3カ国の高官級協議は1月24日以来。ウクライナ東部の領土問題などについて議論したとみられ、5日も継続することで合意した。
ウクライナ側の代表を務めたウメロフ国家安全保障国防会議書記は、X(ツイッター)で「具体的な措置と現実的な解決策に焦点が置かれ、生産的だった」と協議を評価した。
ウクライナのゼレンスキー大統領は4日のビデオ演説で「近いうちに捕虜交換が行われることを期待する」と明かし、捕虜を巡る合意が近いことを示唆した。
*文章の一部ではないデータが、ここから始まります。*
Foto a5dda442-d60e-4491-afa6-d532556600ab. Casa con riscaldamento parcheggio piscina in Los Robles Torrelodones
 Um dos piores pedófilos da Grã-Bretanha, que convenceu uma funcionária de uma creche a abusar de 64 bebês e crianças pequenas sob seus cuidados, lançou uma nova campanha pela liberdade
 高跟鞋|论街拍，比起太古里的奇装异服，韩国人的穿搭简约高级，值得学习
ウクライナ東部ドンバス地方(ルハンスク、ドネツク両州)を巡り、ウクライナは現在の前線で戦闘を停止することを主張。ロシアはウクライナ軍の撤退を求めており、妥協点を見いだせるかが焦点となっている。
協議に先立つ2日夜、ロシアはウクライナ・キーウなどのエネルギー施設に大規模な攻撃を実施し、ゼレンスキー氏はロシアへの批判を強めている。4日時点でもキーウの1000棟以上の集合住宅で暖房が使えない状態だという。